For the elites. Most people in the population were doing back-breaking labor.

I'm not saying there wasn't leisure. But when most of a society's labor goes into agriculture, most of the leisure time is going to be spent on the farm with fellow farmhands. (The exception being winter months.)



Medieval serfs typically worked about 150 10 hour days a year.

In addition to the winter months there's a lot of gaps where the plants are in the ground, and now just need intermittent maintenance.

All of this of course ignores women's work, which was more omnipresent across the year. But it was also pretty social as well, hence the lasting power of phrases like "sewing circles".


FWIW: That 150 hour estimate came from work by Gregory Clark at UC Davis who has since cast doubt on it.

“There’s a reasonable controversy going on in medieval economic history,” Clark told (Amanda Mill). He now thinks that English peasants in the late Middle Ages may have worked closer to 300 days a year.

https://www.theatlantic.com/health/archive/2022/05/medieval-...


As for many things, there's a synthesis that seems more realistic here:

https://acoup.blog/category/collections/the-peasant/

Hint: it's not 150 days.

However, what the work time estimates are missing in this discussion is that you maintained relationships with all your neighbors and most of the village.

Exactly the opposite of the modern world, your work was solitary and your leisure time was social.


> In an attempt to provide a definitive verdict on the veracity of the claim that medieval peasants worked around 150 days a year, Snopes spoke with multiple scholars including Gregory Clark, the economist most frequently credited with originating the 150-day-a-year estimate, and Juliet Schor, the economist who first popularized the claim in her 1991 book "The Overworked American."

> We also spoke with Jane Humphries and Jacob Weisdorf, two economic historians who currently study the question of the length of the medieval working year and have recently published work supporting a 150-day estimate, at least for certain decades in medieval England.

> In addition to speaking to these scholars, Snopes also conducted extensive research into the online life of the claim in order to determine when it first began to spread online and how it has changed over time.
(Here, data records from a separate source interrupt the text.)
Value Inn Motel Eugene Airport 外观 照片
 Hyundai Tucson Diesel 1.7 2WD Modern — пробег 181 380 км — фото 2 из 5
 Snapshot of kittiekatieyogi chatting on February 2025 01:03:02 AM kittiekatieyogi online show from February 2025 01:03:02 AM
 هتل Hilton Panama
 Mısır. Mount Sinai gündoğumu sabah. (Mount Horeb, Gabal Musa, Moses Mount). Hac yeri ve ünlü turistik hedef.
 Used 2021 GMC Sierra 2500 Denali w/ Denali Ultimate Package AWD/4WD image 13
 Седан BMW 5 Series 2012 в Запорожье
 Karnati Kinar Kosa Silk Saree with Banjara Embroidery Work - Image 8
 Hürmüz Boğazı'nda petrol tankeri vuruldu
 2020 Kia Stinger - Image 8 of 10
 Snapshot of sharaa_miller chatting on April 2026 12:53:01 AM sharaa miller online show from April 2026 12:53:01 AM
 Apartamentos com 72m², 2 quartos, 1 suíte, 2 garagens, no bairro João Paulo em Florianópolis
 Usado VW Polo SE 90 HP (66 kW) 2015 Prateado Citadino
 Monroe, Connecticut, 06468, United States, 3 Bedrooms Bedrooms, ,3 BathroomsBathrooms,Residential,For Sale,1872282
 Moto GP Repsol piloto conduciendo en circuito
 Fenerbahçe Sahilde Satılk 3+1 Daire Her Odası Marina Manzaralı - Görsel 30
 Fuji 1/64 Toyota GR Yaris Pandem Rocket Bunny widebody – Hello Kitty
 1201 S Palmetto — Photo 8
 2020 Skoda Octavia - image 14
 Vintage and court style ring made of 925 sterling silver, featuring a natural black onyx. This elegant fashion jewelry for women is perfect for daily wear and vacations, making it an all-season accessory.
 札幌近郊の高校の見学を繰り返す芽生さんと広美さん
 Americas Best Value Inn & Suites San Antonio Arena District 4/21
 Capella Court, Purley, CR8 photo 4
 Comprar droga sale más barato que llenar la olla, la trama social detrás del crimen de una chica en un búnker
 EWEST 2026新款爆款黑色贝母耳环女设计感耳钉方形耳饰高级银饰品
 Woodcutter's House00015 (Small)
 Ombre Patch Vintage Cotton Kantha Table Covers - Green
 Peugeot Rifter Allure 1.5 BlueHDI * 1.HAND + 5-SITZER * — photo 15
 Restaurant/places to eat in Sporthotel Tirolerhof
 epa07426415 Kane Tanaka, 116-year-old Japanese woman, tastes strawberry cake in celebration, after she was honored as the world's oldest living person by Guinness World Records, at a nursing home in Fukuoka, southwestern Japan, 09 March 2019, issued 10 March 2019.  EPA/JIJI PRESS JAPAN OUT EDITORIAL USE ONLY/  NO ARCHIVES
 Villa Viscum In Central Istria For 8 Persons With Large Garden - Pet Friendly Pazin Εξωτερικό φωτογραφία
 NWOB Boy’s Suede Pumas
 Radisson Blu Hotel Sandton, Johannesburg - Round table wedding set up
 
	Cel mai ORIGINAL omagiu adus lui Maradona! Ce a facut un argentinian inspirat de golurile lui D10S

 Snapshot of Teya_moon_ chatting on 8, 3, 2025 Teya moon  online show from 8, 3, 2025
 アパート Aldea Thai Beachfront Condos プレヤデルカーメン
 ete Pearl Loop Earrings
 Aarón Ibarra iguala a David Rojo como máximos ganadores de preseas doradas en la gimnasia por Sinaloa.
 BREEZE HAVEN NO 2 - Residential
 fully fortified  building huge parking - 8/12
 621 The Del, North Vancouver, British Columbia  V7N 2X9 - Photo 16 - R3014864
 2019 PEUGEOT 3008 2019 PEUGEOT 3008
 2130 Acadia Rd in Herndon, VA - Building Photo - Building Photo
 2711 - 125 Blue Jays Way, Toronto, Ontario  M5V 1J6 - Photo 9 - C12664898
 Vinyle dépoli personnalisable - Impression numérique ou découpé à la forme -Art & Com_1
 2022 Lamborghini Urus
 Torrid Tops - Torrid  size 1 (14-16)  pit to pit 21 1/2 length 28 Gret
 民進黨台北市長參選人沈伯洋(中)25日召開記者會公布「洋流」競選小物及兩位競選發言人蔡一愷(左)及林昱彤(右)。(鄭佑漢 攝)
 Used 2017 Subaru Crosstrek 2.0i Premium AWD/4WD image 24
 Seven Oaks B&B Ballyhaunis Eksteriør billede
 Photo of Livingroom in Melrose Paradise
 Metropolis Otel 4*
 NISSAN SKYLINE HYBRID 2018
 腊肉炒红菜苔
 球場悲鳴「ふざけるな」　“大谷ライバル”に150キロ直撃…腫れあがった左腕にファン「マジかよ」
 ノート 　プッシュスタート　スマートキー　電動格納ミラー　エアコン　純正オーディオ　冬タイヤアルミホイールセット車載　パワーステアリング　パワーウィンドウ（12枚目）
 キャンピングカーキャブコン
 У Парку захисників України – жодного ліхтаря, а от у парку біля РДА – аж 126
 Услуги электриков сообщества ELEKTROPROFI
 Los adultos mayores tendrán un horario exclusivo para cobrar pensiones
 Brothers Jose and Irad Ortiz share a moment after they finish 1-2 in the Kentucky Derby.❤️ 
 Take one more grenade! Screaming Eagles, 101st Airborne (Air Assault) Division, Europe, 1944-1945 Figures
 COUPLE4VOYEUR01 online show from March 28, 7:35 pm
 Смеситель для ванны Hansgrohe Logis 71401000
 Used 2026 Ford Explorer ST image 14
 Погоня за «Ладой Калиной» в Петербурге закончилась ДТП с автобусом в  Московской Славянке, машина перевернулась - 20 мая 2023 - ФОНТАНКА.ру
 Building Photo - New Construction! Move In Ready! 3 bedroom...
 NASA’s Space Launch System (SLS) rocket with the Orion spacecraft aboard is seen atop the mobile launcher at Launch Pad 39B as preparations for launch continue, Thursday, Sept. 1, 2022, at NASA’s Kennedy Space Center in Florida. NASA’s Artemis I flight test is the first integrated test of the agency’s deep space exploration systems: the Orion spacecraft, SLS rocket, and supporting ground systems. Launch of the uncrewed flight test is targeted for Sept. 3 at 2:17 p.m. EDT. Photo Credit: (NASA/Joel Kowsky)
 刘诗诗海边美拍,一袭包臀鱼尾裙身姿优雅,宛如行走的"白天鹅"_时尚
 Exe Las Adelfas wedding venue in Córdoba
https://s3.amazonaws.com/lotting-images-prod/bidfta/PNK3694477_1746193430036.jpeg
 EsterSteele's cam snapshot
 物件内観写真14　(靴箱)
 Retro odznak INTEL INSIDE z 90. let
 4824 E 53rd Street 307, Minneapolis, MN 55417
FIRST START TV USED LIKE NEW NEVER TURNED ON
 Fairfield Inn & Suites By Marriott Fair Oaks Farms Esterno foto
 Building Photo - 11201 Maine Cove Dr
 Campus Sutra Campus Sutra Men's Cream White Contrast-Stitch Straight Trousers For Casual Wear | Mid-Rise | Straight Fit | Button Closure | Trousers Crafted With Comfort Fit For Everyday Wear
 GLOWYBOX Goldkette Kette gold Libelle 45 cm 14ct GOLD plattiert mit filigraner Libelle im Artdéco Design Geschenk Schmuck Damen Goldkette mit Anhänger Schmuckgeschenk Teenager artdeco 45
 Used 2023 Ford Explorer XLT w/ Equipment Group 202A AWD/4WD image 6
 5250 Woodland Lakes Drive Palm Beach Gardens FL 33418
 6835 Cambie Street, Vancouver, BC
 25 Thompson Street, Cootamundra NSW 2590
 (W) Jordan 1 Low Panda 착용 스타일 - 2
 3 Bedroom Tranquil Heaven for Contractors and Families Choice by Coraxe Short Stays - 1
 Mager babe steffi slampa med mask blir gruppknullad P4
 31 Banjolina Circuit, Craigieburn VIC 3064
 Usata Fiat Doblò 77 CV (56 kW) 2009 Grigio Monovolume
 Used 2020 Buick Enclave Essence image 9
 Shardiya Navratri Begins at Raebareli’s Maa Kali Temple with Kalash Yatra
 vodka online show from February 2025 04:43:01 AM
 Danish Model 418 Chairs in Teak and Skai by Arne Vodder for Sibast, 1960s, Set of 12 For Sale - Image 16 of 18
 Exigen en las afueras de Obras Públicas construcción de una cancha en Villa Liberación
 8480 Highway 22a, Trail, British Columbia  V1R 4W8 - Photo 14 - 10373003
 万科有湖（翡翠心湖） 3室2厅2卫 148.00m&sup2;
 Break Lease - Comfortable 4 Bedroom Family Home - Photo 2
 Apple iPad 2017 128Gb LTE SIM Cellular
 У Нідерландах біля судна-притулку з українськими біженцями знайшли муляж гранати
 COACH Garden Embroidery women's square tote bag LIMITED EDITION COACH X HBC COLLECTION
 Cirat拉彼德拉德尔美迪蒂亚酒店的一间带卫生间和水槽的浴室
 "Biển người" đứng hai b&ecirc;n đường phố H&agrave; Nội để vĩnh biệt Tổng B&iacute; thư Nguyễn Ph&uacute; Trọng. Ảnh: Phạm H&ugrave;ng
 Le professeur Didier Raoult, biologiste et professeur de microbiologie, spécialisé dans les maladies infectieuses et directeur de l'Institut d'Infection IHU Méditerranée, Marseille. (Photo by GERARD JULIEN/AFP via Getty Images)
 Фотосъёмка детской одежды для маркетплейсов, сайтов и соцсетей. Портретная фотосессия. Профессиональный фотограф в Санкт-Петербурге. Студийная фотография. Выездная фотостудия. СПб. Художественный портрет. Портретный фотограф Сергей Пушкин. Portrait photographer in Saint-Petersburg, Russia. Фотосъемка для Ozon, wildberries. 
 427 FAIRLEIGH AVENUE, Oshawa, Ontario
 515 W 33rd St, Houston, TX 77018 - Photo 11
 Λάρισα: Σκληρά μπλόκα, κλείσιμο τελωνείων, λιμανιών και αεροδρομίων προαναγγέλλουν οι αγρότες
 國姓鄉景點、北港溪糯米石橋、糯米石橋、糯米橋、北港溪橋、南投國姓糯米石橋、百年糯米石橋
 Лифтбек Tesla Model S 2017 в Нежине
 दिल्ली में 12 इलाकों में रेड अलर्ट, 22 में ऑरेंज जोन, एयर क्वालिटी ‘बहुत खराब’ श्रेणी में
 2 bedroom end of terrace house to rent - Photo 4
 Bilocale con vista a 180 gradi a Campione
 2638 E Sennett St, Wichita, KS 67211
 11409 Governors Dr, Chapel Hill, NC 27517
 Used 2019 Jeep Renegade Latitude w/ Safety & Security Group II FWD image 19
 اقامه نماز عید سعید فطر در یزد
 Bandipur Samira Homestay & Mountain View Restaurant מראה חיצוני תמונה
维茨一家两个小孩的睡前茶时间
We additionally examined a number of popular debunkings of the claim, with special attention to the evidence cited as proof against the claim.

> Ultimately, we found that the claim that medieval peasants worked around 150 days a year is still largely accepted as a valid estimate by academic economic historians, at least in England for a period starting around 1350 and lasting between a few decades and more than a century, depending on the methodology used to study the data.